Comme chaque mercredi soir depuis un an, je vais boxer dans un local du 13ème arrondissement avec la Jeunesse Communiste. On fait ça entre camarades et surtout entre amis. Certains viennent pour se défouler, d’autres pour apprendre à se défendre. Il y a de tout : des lycéens, des étudiants, des jeunes travailleurs, des chômeurs.

Un soir où j’arrive plus tôt au local, je tombe sur une quinzaine de jeunes hommes autour d’une table, stylos à la main. Ils écoutent avec attention une dame décomposant des mots sur un tableau. Ces gars ne sont pas là pour distribuer des crochets ou travailler leurs esquives. C’est un cours de français pour jeunes immigrés sans papiers.

La dame, Claire, est une ancienne prof de français à la retraite. Elle vient au local depuis maintenant trois ans. Elle leur apprend l’alphabet, les premiers mots, les premières phrases. Elle prend surtout soin d’eux, écoute leurs histoires, les aide dans leurs démarches de demande d’asile. Je vais la voir à la fin de son cours. Elle adore faire ça. Elle les trouve « géniaux ». Elle n’a pas toujours donné des cours de français. Il y a trois ans, sa première façon d’aider ces jeunes était d’aller leur apporter à manger sous le pont d’Austerlitz.

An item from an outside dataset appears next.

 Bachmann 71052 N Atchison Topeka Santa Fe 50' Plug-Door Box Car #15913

La langue, la plus grande des précarités

Je lui demande si ce n’est pas trop dur, si elle a besoin d’aide. Elle me dit que non, qu’elle n’est jamais fatiguée, bien au contraire. Venir parler avec eux en français et leur apprendre quelques mots, ce serait déjà une aide énorme. Depuis ce soir-là, une à deux fois par mois, j’arrive un peu plus tôt à la boxe pour l’aider.

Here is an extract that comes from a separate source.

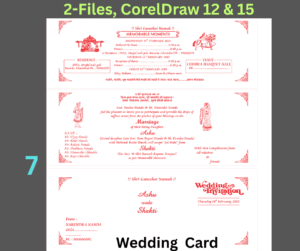 Fancy Hindu Wedding Card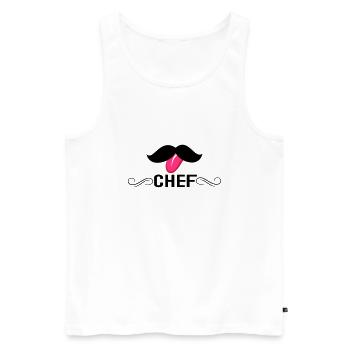chef - Débardeur bio Premium Homme - blanc - Devant - Michal (187cm)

Ils s’appellent Mamadou, Nour, Omar ou Amed et me racontent leurs histoires. Ce sont des jeunes Africains ou Arabes qui parlent à peine français. Ils ont fui l’Afrique pour venir se réfugier en Europe. Certains ont connu la torture et la dictature au Soudan, d’autres l’esclavage en Libye. L’un a été rejeté de sa famille alors que d’autres ont simplement quitté leur pays dans l’espoir d’une vie meilleure. Ils vivent ici, à Paris, dans la plus grande précarité, alternant refuge associatif et squat. Mais leur plus grande précarité, c’est la langue. C’est celle-là qui les isole encore un peu plus. C’est pour cela que depuis six mois, trois soirs par semaine, ils viennent apprendre le français.

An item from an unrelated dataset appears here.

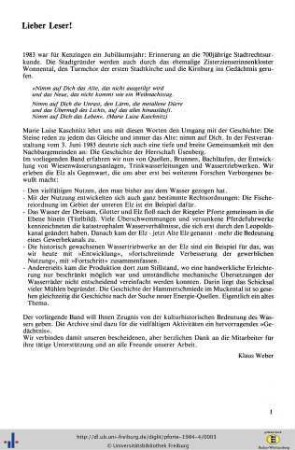 Lieber Leser!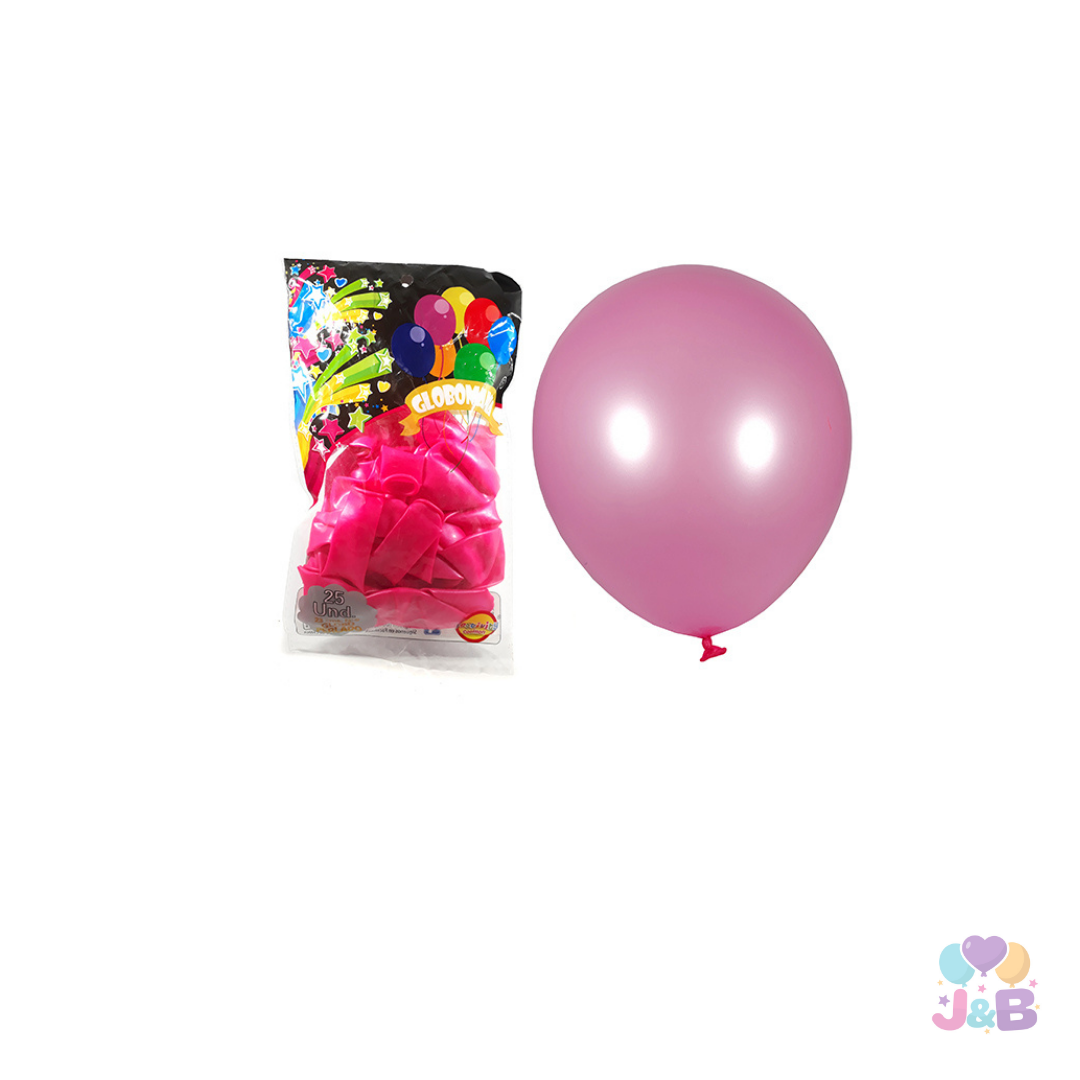 Globos metálicos R9 X25 UNIDADES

Chacun écoute et répond aux questions. Tous paraissent heureux, sereins, enthousiastes. Je suis assez surpris de leur niveau de connaissances. Ils n’apprennent pas simplement à dire bonjour ou au revoir, mais les mots les plus complexes qui définissent notre monde et ses concepts : « consommation », « idéologie », « justice ».

Chacun rit et apprend, en même temps. Personne ne semble se sentir étranger, personne ne semble souffrir, tous affichent un sourire et regardent les mots écrits au tableau. Eux, ils ont en reçu des vrais coups et bien pire, mais ils ne jettent pas l’éponge.